朝、良太の熱はまだ三十七度を超えていたので、そのまま寝かせて、加賀を呼んだ。
「ったく、今度は坊やの方かよ」
グチグチ文句をつけながらも、加賀はやって来て良太を診察し、インフルは陰性だが、今日は旨いもんでも食って大人しく寝てるんだな、と言い置いて帰って行った。
「まあ、お風邪?」
鈴木さんも心配顔で工藤のデスクにコーヒーを置いた。
「あ、じゃあ、俺、今ひとたびの、方、行って来ます」
森村が状況を察知して言った。
「ああ、そっちも後で寄る」
工藤がそう言うと、森村も神妙な面持ちで頷いて出て行った。
「あれ、良太は?」
今ひとたびの、の撮影は古い日本家屋を借りて行われていたが、工藤が現れると、竹野の第一声がそれだった。
「風邪だ」
「ああ、良太、動き回ってると熱が出てるの気づかないタイプだよね」
竹野は人のことをよく見ていると思っていたが、良太のことを気に入っているのだろうことも窺い知れた。
「え、風邪? 工藤さん移しちゃったんだ」
アスカが工藤を責めるようなことを言う。
「良太、スタッフにも覚えめでたいですからね」
さり気に秋山が傍に来て言った。
「しかし竹野さん、前は工藤さんが何でいないんだとかって癇癪興してたのに、変われば変わるもんですね」
山根監督も秋山の言葉に同調するように頷いた。
「いつの間にか制作陣俳優陣全てに浸透しているんですよ、彼。
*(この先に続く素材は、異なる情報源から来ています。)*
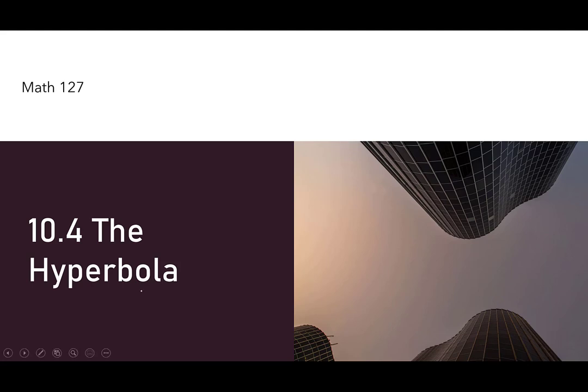Hi everybody. Today I'm going to do a few problems about hyperbolas and then a few word problems with hyperbolas.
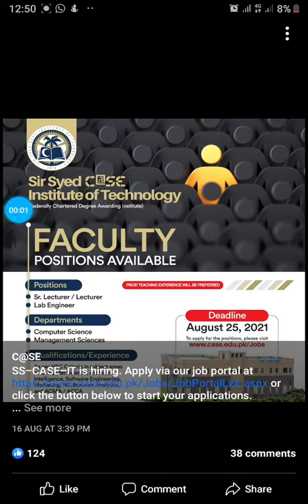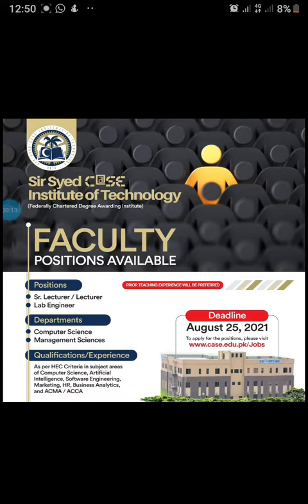Dear viewers, today I will share with you Sir Syed CASE Institute of Technology, a federally chartered degree awarding institute. I will share the position with you. Position: Senior Lecturer and Lab Engineer. Department: Computer Science and Management Sciences. Qualification and experience as per HEC criteria in the subject area of Computer Science,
自分では気づいてないかもですが、ある意味やり手ですよね」
「まあ、そうおだてずに、長い目でみてやってくれ」
苦笑しつつ、今朝方パンのミルク煮を平らげて眠っていた良太を思い浮かべながら工藤は言った。
撮影はほぼスケジュール通りに終わりそうだというので、工藤はロケ現場を出て車を会社へと走らせた。
「何やってるんだ、おとなしく寝てろって言っただろうが」
工藤が部屋に戻るとベッドに寝ているはずの良太がいないので、隣の部屋を覗くと、猫のトイレを片付けていた。
「なんか、熱、下がったみたいだし」
工藤は立ち上がった良太の額に手を当てた。
「ちょっとよくなったからってホイホイ動くとまたぶり返すぞ」
「今日ちゃんと寝れば、明日は大丈夫だってば」
工藤の手が離れると良太は少し気恥ずかしくてそんな言い方をした。
何か、妙に親切で、工藤じゃないみたいじゃん。
「メシ、食えるか? 出前でも頼むか」
え、今日はもうどこにも行かないんだろうか。
良太は思ったが、口には出さず、「カツ丼食べたい!」と主張した。
「病み上がりにそんな脂っこいもの食って大丈夫か?」
「腹減っちゃって、へへ」
良太は笑ってゴミ箱に捨てに行く。
「じゃ、メシがくるまでおとなしくしてろ」
工藤はリビングのテーブルに置いていたコンビニの袋から、おかゆやヨーグルト、プリンなどを冷蔵庫にしまうと、いつも鈴木さんが利用している近所の食事処、好日庵に電話をかけた。